→ **WORK INSTRUCTIONS**: Print them exactly: the lines from the beginning of the entries below through the line that contains "Stock pile of", and only those, with the pictures left out.
------ TASK MATERIAL
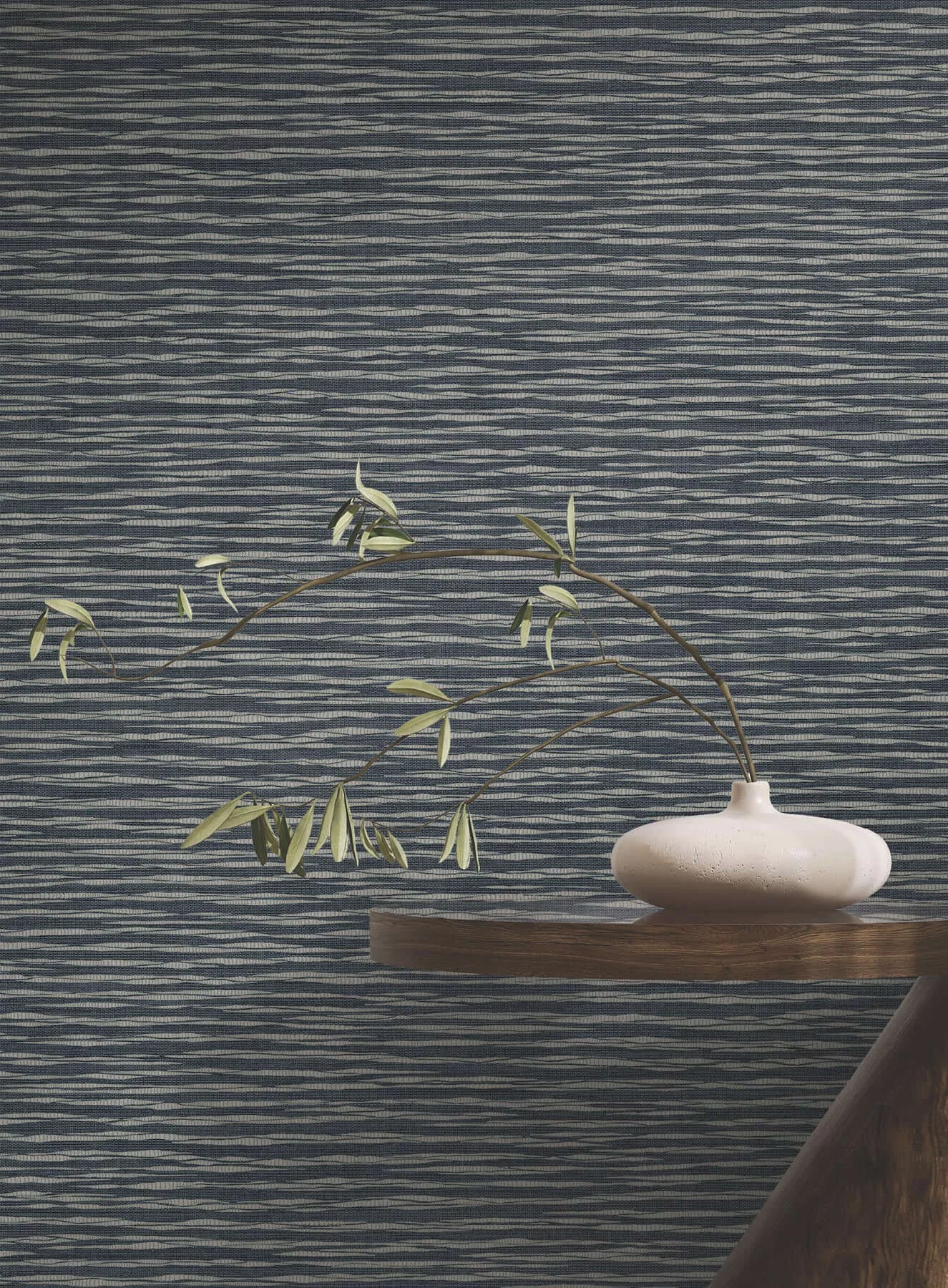 Ronald Redding Lotus Weave wallpaper, color Navy, SKU ZA8042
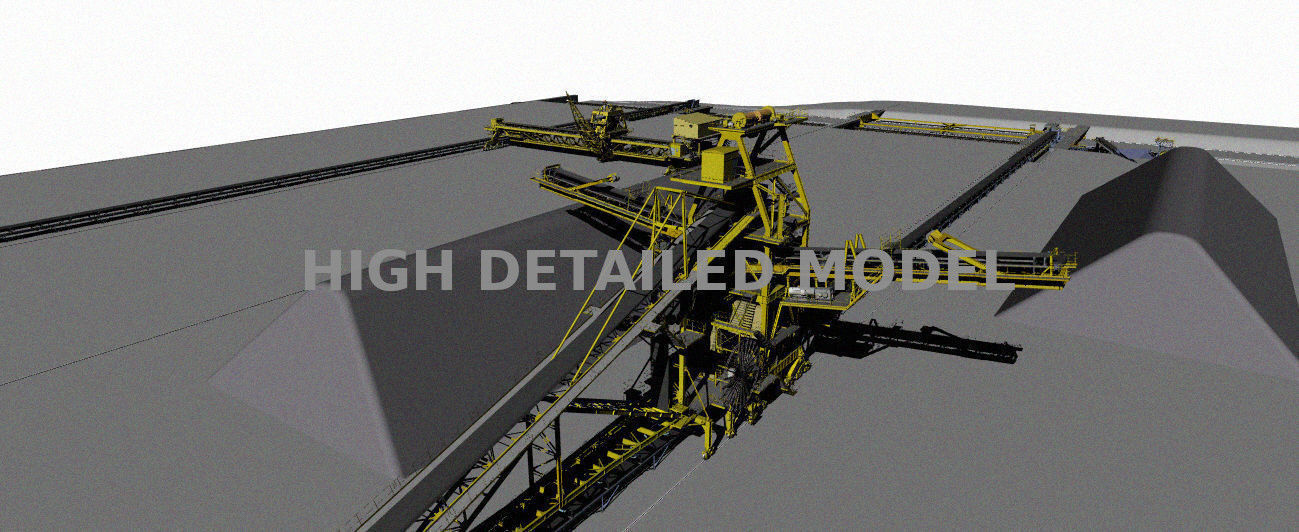 Stock pile of mining industrial installation 3D model_1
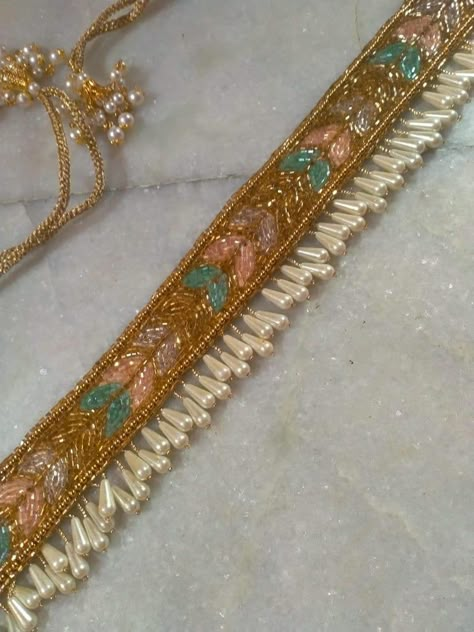 Saree Hip Belt Design, Handwork Belt Design, Embroidery Belt Design, Aari Belt, Belt Saree, Beaded Waist Belt, Saree Belt, Tassels Fashion Clothing, Embroidery Belt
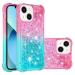 Tivenfezk Nadoli Glitzer Treisand Shell for iPhone 15 Plus silicone shockproof gradient colored waterfall cell phone case Transparent bumper protective cover liquid transparent case iPhone 15 plus pink blue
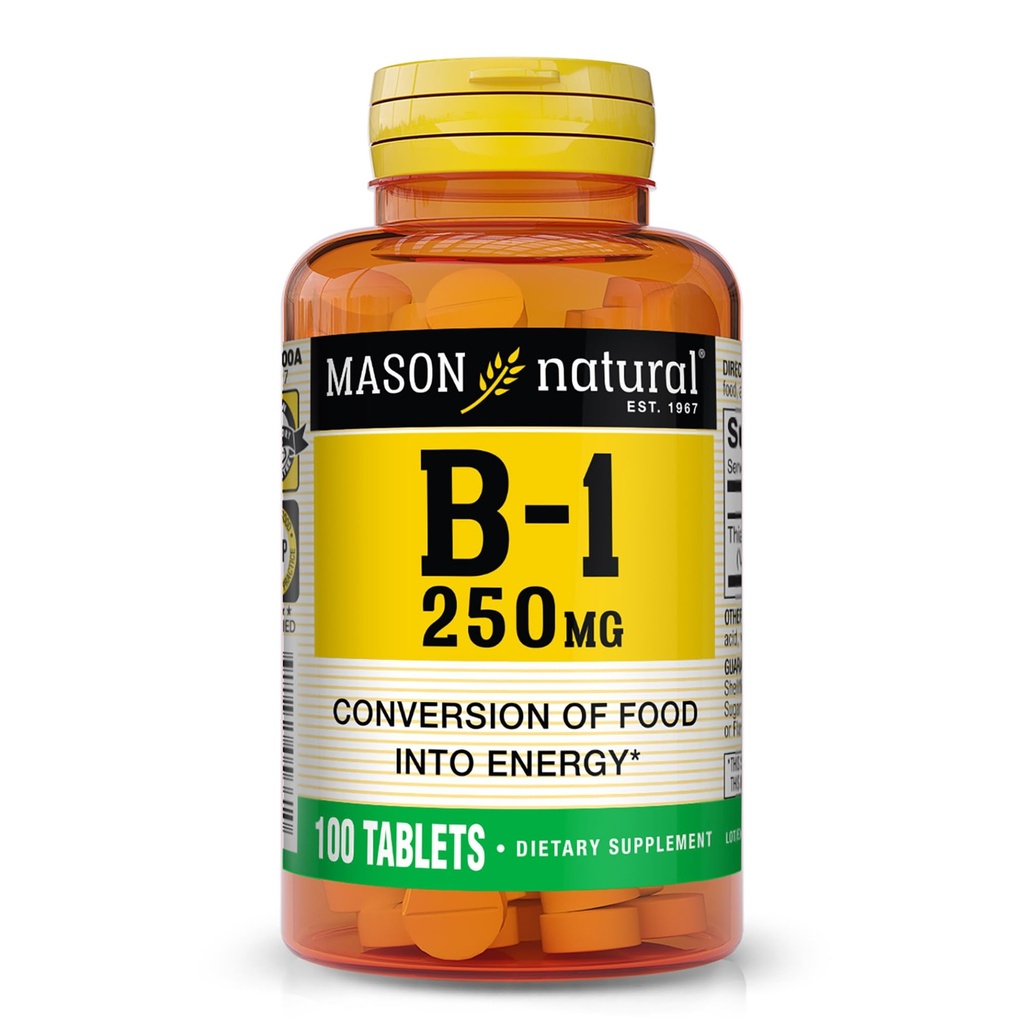MASON 天然维生素B,1 Thiamine 250毫克,100天供应膳食补充剂,易,至,吞片,支持能源生产和健康代谢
------------
→ **ANSWER SECTION**:
 Ronald Redding Lotus Weave wallpaper, color Navy, SKU ZA8042
 Stock pile of mining industrial installation 3D model_1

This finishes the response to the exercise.